Até o Último Homem (2016)

Elenco: Andrew Garfield, Sam Worthington, Luke Bracey, Teresa Palmer, Hugo Weaving, Rachel Griffiths, Vince Vaughn | Roteiro: Andrew Knight, Robert Schenkkan | Direção: Mel Gibson (Coração Valente) | Duração: 139 minutos

Dependendo da sua visão de mundo, Até o Último Homem vai chamar atenção por motivos diferentes. Para quem é fã dos clássicos filmes de Guerra ou àqueles que buscam uma resposta espiritual no meio do caos, o diretor Mel Gibson, felizmente, consegue equilibrar esses motivos sem deixar que um se sobreponha ao outro – mas não tem receio em expressar a sua fé através da nova produção. Com três atos bem definidos, o diretor mostra o caminho de alguém contra a maré e o senso comum que não precisa ser aplicado necessariamente num viés religioso, o que é inspirador para qualquer um que acredite que pode fazer a diferença em seus próprios termos.

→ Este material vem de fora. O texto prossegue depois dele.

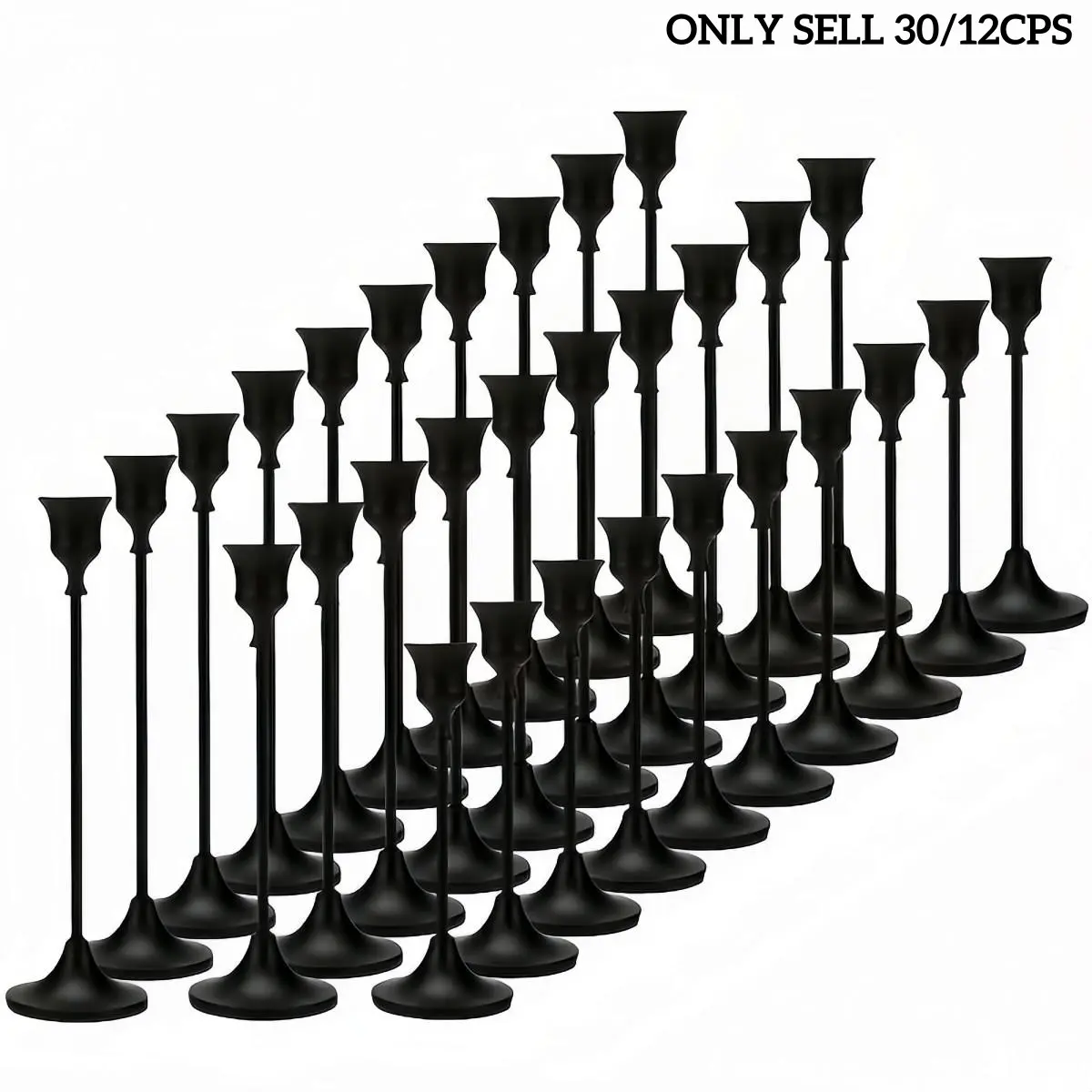 30Pcs/12Pcs Metal Iron Decorative Candle Holders Set Modern Home Decor, Home Decoration, Decoration Items, Durable Metal Candlestick Holders, Candle Stand for Wedding Party Holiday Table Centerpieces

É um tanto inútil desprender a mensagem religiosa com tantos símbolos na história – um paralelo entre Caim e Abel, por exemplo, bem marcante – o que pode ser rechaçado como algum tipo de fuga por uma plateia mais cética. O que Gibson faz é mostrar um Desmond Doss (Garfield) como representante da humanidade que tem dentro de si capacidade de levantar-se contra o seu semelhante. No caso dele, ainda jovem, ao atacar o irmão com um tijolo e percebendo o mal que poderia fazer, ele nega essa natureza e o faz através da crença espiritual, em específico no Sexto Mandamento. E fazendo outro paralelo com as palavras da Bíblia, Desmond é perseguido por isso. Portanto, condenar a escolha do personagem seria hipocrisia porque ele se mantém firme na sua decisão.

Passado a percepção de o espectador acreditar em algo divino ou não, tomamos carinho pelo personagem. Disposto a ajudar desde cedo – de novo uma simbologia quando Desmond sai de um serviço na igreja para o hospital – aquele rapaz de alma bondosa e uma cara inocente é a representação desse primeiro ato que explora a doçura de um personagem que encontrou a redenção. Tanto que um ato de violência do pai, Tom (Weaving), que acontece cronologicamente antes de Desmond se alistar, é jogado para o ato seguinte para mantermos essa imagem. Pode ser difícil acompanhar o personagem nessa toada e podemos ver facilmente Gibson puxando os fios para manipular a audiência – e todo diretor faz isso, em escalas maiores ou menores – mas essa é a essência do filme, o que desafia um não crente.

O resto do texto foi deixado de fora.